[Captioned web image data]
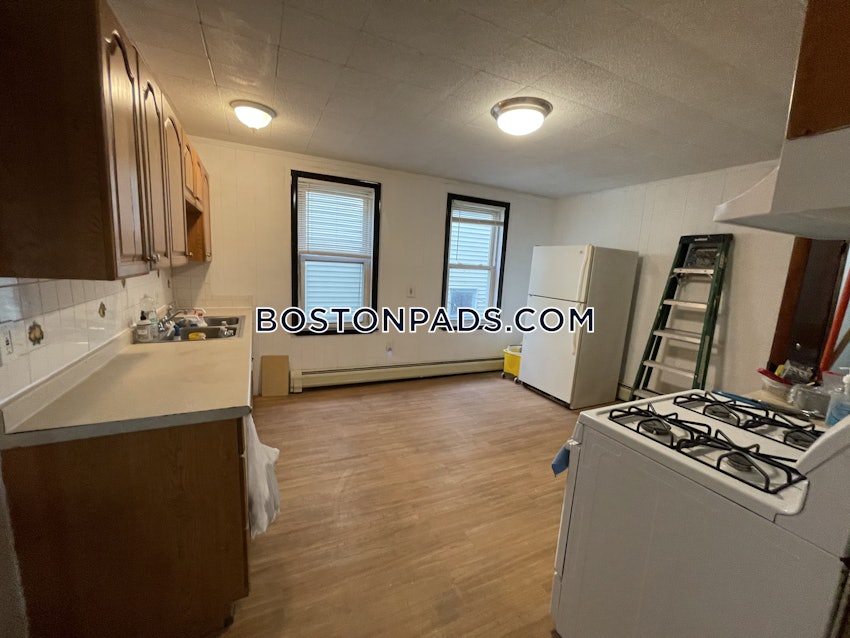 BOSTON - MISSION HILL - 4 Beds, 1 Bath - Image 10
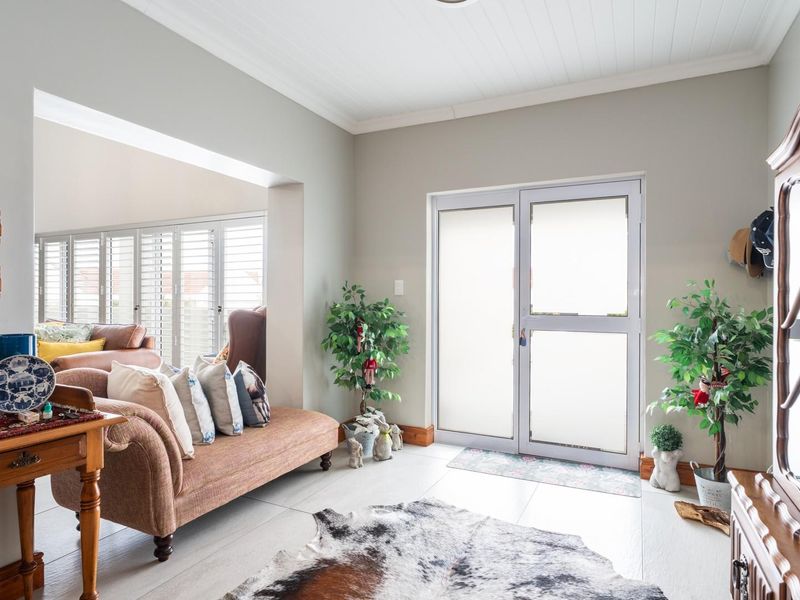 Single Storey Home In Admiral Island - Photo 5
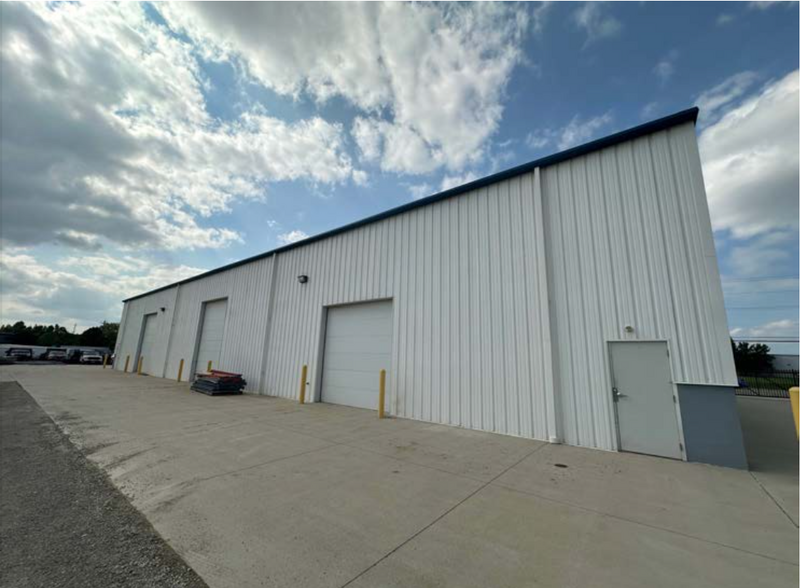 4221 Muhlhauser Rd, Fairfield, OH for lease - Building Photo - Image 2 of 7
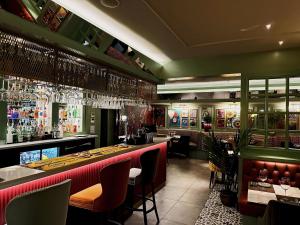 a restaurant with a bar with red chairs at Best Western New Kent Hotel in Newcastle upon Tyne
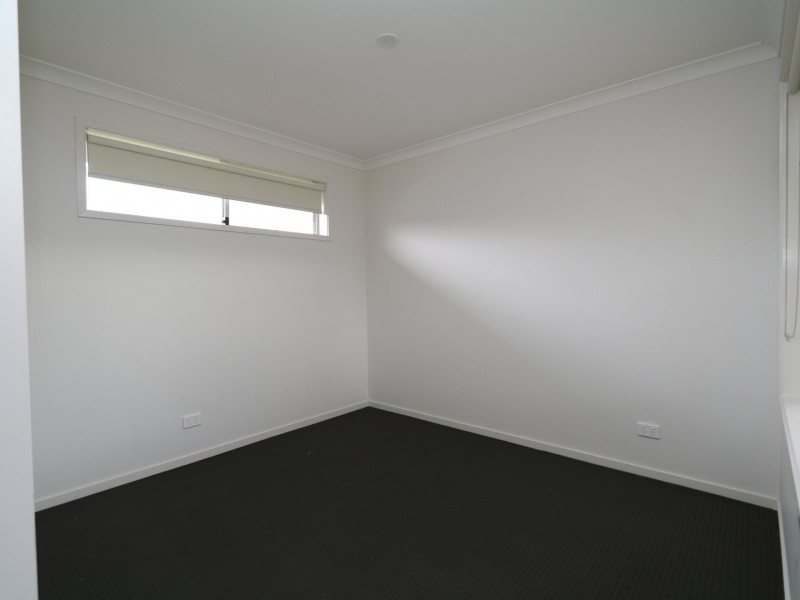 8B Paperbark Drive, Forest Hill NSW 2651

## What is expected
Repeat each line above exactly. The pictures stay out.

## Worked solution
 BOSTON - MISSION HILL - 4 Beds, 1 Bath - Image 10
 Single Storey Home In Admiral Island - Photo 5
 4221 Muhlhauser Rd, Fairfield, OH for lease - Building Photo - Image 2 of 7
 a restaurant with a bar with red chairs at Best Western New Kent Hotel in Newcastle upon Tyne
 8B Paperbark Drive, Forest Hill NSW 2651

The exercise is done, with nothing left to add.